[[ INFORMATION GIVEN open ]]

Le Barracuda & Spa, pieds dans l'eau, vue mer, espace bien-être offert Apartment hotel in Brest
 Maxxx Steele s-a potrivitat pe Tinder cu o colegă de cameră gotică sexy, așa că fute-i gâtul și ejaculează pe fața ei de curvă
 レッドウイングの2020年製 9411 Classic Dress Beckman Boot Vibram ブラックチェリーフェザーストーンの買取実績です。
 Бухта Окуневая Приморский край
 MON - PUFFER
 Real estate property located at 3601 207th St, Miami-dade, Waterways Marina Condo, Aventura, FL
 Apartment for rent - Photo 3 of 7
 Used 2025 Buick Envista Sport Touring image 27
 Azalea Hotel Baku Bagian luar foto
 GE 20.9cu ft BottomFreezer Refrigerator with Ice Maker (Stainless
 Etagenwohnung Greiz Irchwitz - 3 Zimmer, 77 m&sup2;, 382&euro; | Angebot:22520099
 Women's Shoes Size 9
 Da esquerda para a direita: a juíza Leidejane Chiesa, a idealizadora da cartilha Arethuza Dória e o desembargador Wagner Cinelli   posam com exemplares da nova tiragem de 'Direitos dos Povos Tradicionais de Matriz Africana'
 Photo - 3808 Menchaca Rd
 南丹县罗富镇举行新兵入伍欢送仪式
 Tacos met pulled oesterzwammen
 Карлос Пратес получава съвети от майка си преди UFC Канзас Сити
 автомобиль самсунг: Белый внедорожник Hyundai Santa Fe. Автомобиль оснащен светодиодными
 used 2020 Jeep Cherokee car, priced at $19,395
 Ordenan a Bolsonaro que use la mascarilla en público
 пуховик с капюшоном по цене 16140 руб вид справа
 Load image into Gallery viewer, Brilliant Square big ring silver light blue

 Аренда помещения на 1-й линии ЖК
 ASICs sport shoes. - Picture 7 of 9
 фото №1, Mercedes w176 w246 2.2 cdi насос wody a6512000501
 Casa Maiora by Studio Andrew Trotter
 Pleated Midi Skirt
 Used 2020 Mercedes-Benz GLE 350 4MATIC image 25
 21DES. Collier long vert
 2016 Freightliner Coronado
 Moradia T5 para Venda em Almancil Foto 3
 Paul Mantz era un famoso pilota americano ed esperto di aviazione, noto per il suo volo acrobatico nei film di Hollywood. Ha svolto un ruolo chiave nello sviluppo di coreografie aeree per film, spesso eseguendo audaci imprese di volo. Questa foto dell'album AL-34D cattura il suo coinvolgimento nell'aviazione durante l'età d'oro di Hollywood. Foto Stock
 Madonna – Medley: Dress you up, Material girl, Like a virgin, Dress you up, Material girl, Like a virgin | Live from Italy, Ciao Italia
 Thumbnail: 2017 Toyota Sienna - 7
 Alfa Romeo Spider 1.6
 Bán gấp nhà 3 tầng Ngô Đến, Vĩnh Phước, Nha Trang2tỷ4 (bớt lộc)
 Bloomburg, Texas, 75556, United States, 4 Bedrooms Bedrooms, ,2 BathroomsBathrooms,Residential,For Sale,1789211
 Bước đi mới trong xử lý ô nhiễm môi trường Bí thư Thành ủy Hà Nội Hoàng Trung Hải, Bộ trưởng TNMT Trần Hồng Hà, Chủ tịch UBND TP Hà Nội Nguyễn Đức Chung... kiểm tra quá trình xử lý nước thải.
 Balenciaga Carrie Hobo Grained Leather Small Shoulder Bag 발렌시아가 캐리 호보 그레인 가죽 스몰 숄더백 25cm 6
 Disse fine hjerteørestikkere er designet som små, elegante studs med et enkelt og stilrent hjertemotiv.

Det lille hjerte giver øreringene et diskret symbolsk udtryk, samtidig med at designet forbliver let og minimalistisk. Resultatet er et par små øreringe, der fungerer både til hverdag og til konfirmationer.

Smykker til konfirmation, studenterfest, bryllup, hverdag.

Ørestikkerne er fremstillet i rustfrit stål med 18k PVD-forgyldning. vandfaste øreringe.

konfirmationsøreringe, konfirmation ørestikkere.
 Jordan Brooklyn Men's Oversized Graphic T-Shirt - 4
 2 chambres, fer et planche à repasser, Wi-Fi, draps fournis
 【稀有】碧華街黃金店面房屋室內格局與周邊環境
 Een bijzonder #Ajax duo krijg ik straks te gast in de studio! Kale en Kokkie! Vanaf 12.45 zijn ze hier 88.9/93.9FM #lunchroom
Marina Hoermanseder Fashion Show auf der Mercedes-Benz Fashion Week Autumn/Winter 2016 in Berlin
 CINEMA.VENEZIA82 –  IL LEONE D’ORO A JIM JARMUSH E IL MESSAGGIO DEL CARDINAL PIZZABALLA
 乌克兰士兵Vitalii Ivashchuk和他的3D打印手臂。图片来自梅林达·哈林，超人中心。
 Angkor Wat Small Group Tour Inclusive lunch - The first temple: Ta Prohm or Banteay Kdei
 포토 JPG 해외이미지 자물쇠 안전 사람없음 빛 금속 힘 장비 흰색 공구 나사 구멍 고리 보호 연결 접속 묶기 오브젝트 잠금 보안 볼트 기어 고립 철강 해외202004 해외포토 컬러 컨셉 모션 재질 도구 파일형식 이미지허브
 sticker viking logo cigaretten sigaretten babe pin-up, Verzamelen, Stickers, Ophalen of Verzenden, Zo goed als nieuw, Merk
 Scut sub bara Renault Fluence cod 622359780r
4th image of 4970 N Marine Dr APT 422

[[ INFORMATION GIVEN closed ]]

:: ASSIGNMENT ::
Each entry needs to be given again exactly as it stands.

:: EXERCISE RESPONSE ::
Le Barracuda & Spa, pieds dans l'eau, vue mer, espace bien-être offert Apartment hotel in Brest
 Maxxx Steele s-a potrivitat pe Tinder cu o colegă de cameră gotică sexy, așa că fute-i gâtul și ejaculează pe fața ei de curvă
 レッドウイングの2020年製 9411 Classic Dress Beckman Boot Vibram ブラックチェリーフェザーストーンの買取実績です。
 Бухта Окуневая Приморский край
 MON - PUFFER
 Real estate property located at 3601 207th St, Miami-dade, Waterways Marina Condo, Aventura, FL
 Apartment for rent - Photo 3 of 7
 Used 2025 Buick Envista Sport Touring image 27
 Azalea Hotel Baku Bagian luar foto
 GE 20.9cu ft BottomFreezer Refrigerator with Ice Maker (Stainless
 Etagenwohnung Greiz Irchwitz - 3 Zimmer, 77 m&sup2;, 382&euro; | Angebot:22520099
 Women's Shoes Size 9
 Da esquerda para a direita: a juíza Leidejane Chiesa, a idealizadora da cartilha Arethuza Dória e o desembargador Wagner Cinelli   posam com exemplares da nova tiragem de 'Direitos dos Povos Tradicionais de Matriz Africana'
 Photo - 3808 Menchaca Rd
 南丹县罗富镇举行新兵入伍欢送仪式
 Tacos met pulled oesterzwammen
 Карлос Пратес получава съвети от майка си преди UFC Канзас Сити
 автомобиль самсунг: Белый внедорожник Hyundai Santa Fe. Автомобиль оснащен светодиодными
 used 2020 Jeep Cherokee car, priced at $19,395
 Ordenan a Bolsonaro que use la mascarilla en público
 пуховик с капюшоном по цене 16140 руб вид справа
 Load image into Gallery viewer, Brilliant Square big ring silver light blue

 Аренда помещения на 1-й линии ЖК
 ASICs sport shoes. - Picture 7 of 9
 фото №1, Mercedes w176 w246 2.2 cdi насос wody a6512000501
 Casa Maiora by Studio Andrew Trotter
 Pleated Midi Skirt
 Used 2020 Mercedes-Benz GLE 350 4MATIC image 25
 21DES. Collier long vert
 2016 Freightliner Coronado
 Moradia T5 para Venda em Almancil Foto 3
 Paul Mantz era un famoso pilota americano ed esperto di aviazione, noto per il suo volo acrobatico nei film di Hollywood. Ha svolto un ruolo chiave nello sviluppo di coreografie aeree per film, spesso eseguendo audaci imprese di volo. Questa foto dell'album AL-34D cattura il suo coinvolgimento nell'aviazione durante l'età d'oro di Hollywood. Foto Stock
 Madonna – Medley: Dress you up, Material girl, Like a virgin, Dress you up, Material girl, Like a virgin | Live from Italy, Ciao Italia
 Thumbnail: 2017 Toyota Sienna - 7
 Alfa Romeo Spider 1.6
 Bán gấp nhà 3 tầng Ngô Đến, Vĩnh Phước, Nha Trang2tỷ4 (bớt lộc)
 Bloomburg, Texas, 75556, United States, 4 Bedrooms Bedrooms, ,2 BathroomsBathrooms,Residential,For Sale,1789211
 Bước đi mới trong xử lý ô nhiễm môi trường Bí thư Thành ủy Hà Nội Hoàng Trung Hải, Bộ trưởng TNMT Trần Hồng Hà, Chủ tịch UBND TP Hà Nội Nguyễn Đức Chung... kiểm tra quá trình xử lý nước thải.
 Balenciaga Carrie Hobo Grained Leather Small Shoulder Bag 발렌시아가 캐리 호보 그레인 가죽 스몰 숄더백 25cm 6
 Disse fine hjerteørestikkere er designet som små, elegante studs med et enkelt og stilrent hjertemotiv.

Det lille hjerte giver øreringene et diskret symbolsk udtryk, samtidig med at designet forbliver let og minimalistisk. Resultatet er et par små øreringe, der fungerer både til hverdag og til konfirmationer.

Smykker til konfirmation, studenterfest, bryllup, hverdag.

Ørestikkerne er fremstillet i rustfrit stål med 18k PVD-forgyldning. vandfaste øreringe.

konfirmationsøreringe, konfirmation ørestikkere.
 Jordan Brooklyn Men's Oversized Graphic T-Shirt - 4
 2 chambres, fer et planche à repasser, Wi-Fi, draps fournis
 【稀有】碧華街黃金店面房屋室內格局與周邊環境
 Een bijzonder #Ajax duo krijg ik straks te gast in de studio! Kale en Kokkie! Vanaf 12.45 zijn ze hier 88.9/93.9FM #lunchroom
Marina Hoermanseder Fashion Show auf der Mercedes-Benz Fashion Week Autumn/Winter 2016 in Berlin
 CINEMA.VENEZIA82 –  IL LEONE D’ORO A JIM JARMUSH E IL MESSAGGIO DEL CARDINAL PIZZABALLA
 乌克兰士兵Vitalii Ivashchuk和他的3D打印手臂。图片来自梅林达·哈林，超人中心。
 Angkor Wat Small Group Tour Inclusive lunch - The first temple: Ta Prohm or Banteay Kdei
 포토 JPG 해외이미지 자물쇠 안전 사람없음 빛 금속 힘 장비 흰색 공구 나사 구멍 고리 보호 연결 접속 묶기 오브젝트 잠금 보안 볼트 기어 고립 철강 해외202004 해외포토 컬러 컨셉 모션 재질 도구 파일형식 이미지허브
 sticker viking logo cigaretten sigaretten babe pin-up, Verzamelen, Stickers, Ophalen of Verzenden, Zo goed als nieuw, Merk
 Scut sub bara Renault Fluence cod 622359780r
4th image of 4970 N Marine Dr APT 422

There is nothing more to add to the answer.